» Brief
For this exercise, copy exactly the lines below from the one with "New Casual Women" through the one with "The Most Rev." and leave out the pictures.

── Extracted records

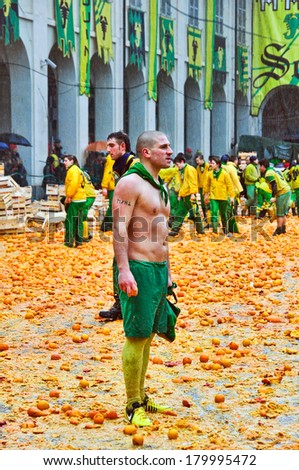 IVREA - MARCH 3: Carnival of Ivrea. The battle of oranges. An unidentified member of Scorpions team. On March 3, 2014 Ivrea, Italy.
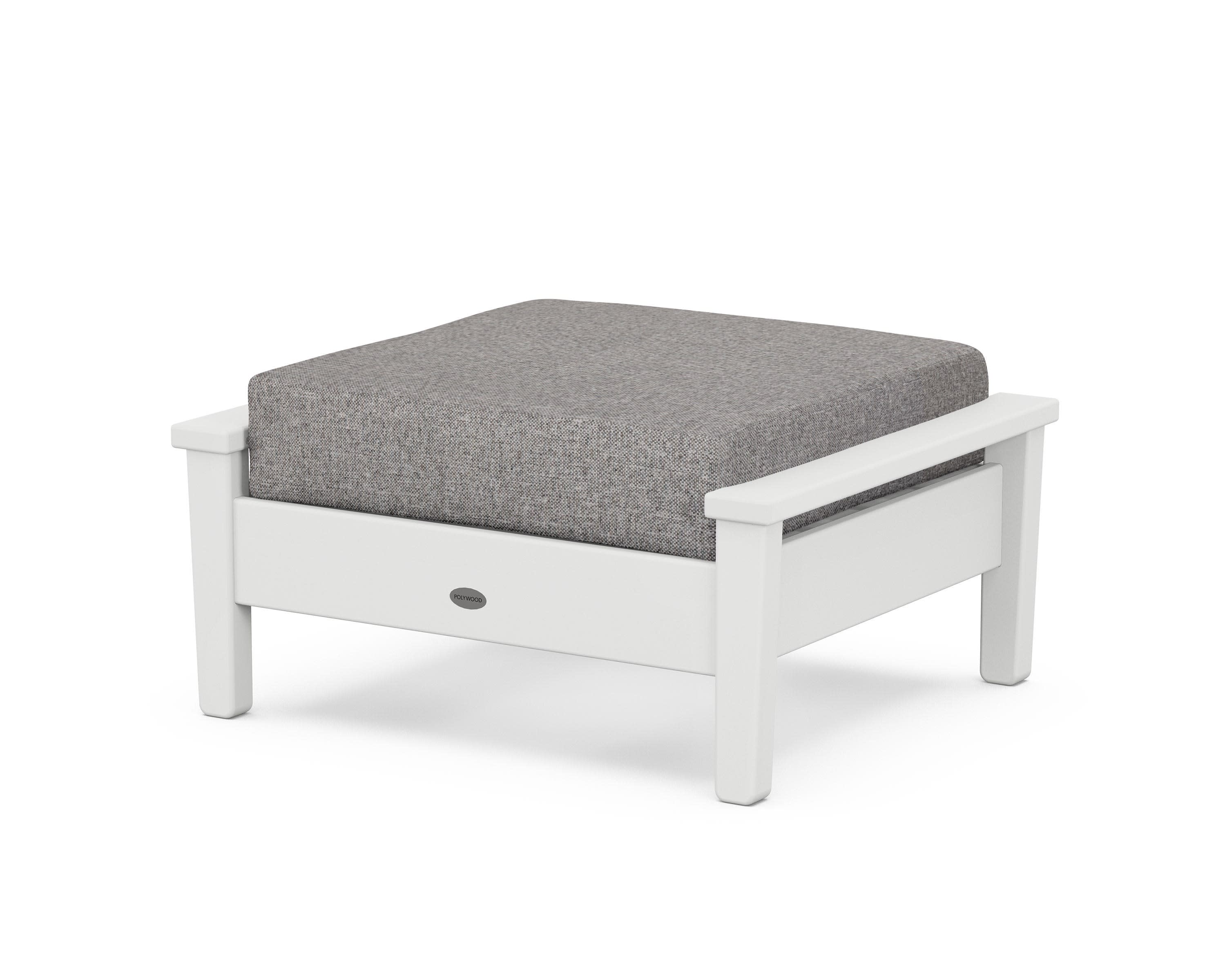 Prescott Deep Seating Ottoman in White / Grey Mist
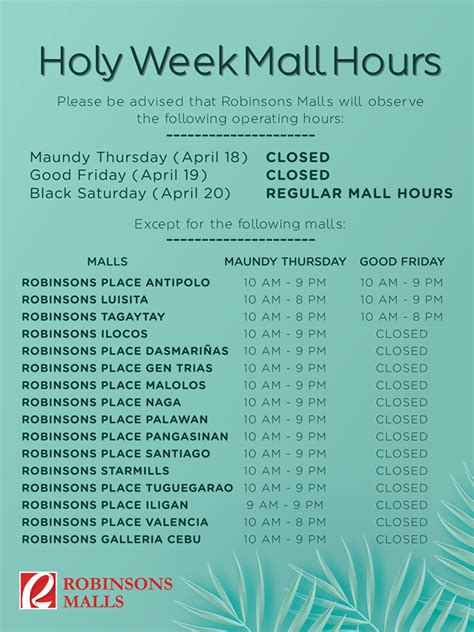 Full List Sm Ayala And Other Malls Schedule For Holy Week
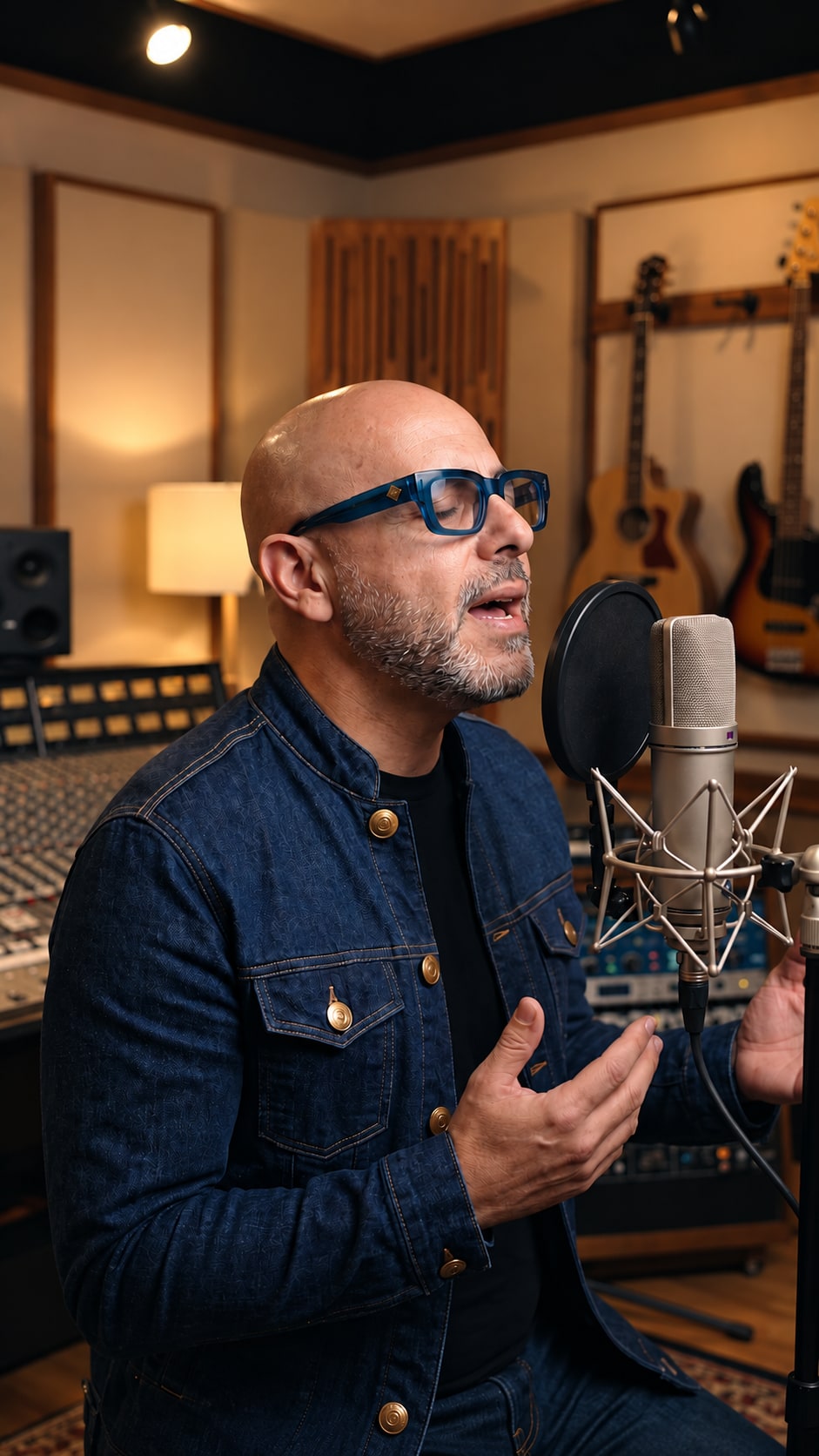 Gilbert Morales cantando frente a un micrófono de estudio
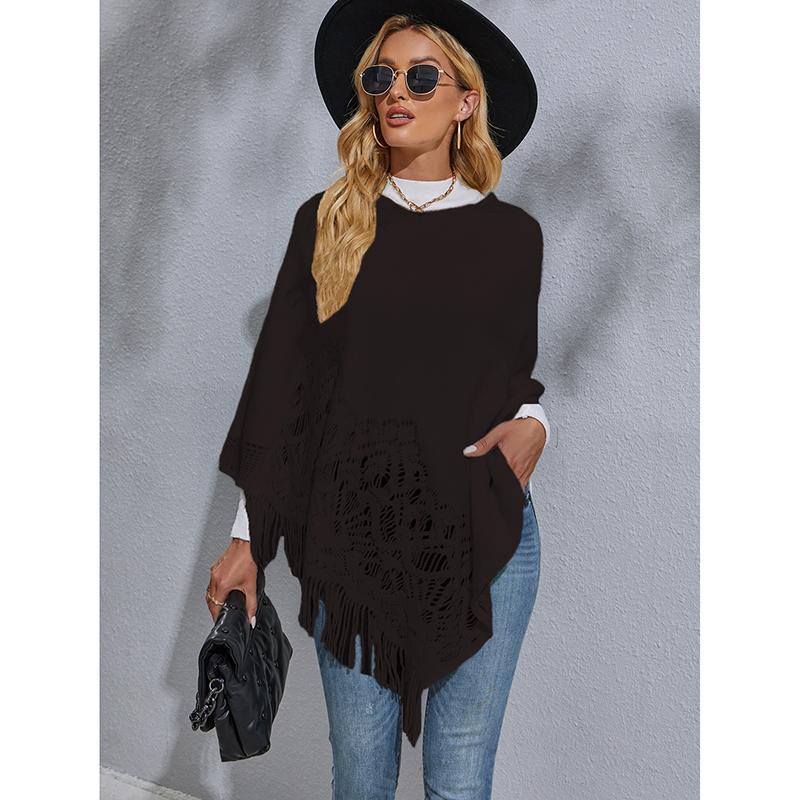 New Casual Women Shawl Fashionable Poncho Cotton Knitted Sweater Hollow Tassel Plus Size Pullover Woman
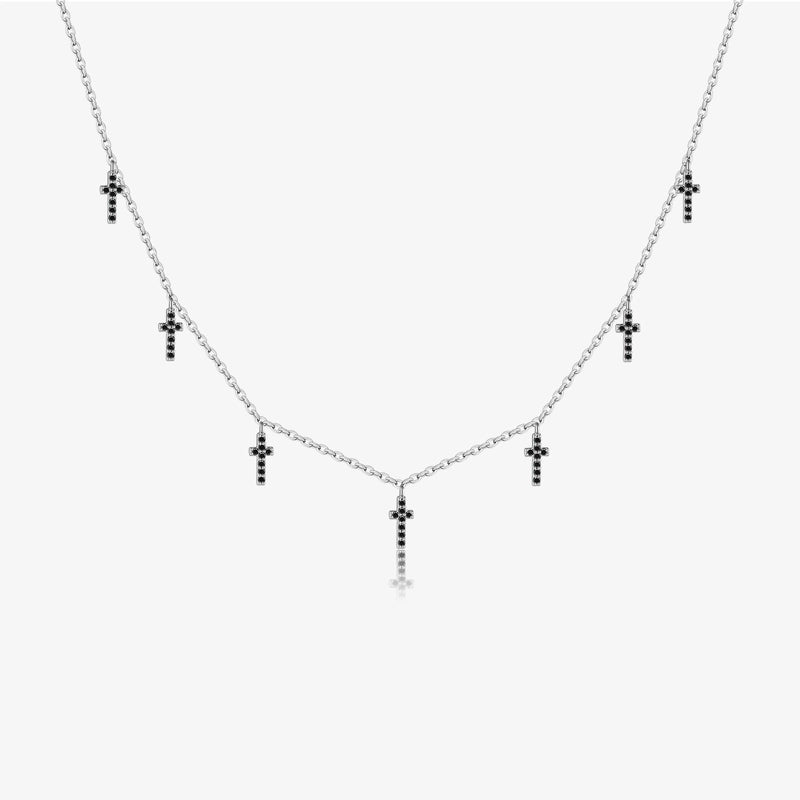 925 Sterling Silver Zircon Inlay Cross Pendant Necklace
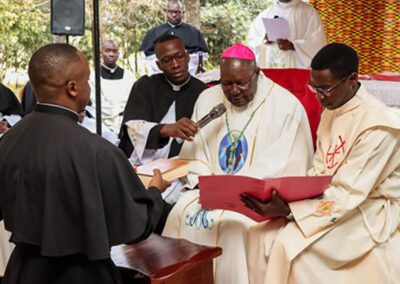 The Most Rev. John Obala Owaa, Bishop of the Diocese of Ngong, is pictured blessing the new Holy Cross Center Kiserian in Nairobi, Kenya.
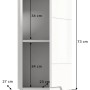 Offener Hängeschrank Solero in Weiß Hochglanz mit Maßen 73x38x27 cm für Bad oder Hauswirtschaftsraum.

────

» Exercise result
 New Casual Women Shawl Fashionable Poncho Cotton Knitted Sweater Hollow Tassel Plus Size Pullover Woman
 925 Sterling Silver Zircon Inlay Cross Pendant Necklace
 The Most Rev. John Obala Owaa, Bishop of the Diocese of Ngong, is pictured blessing the new Holy Cross Center Kiserian in Nairobi, Kenya.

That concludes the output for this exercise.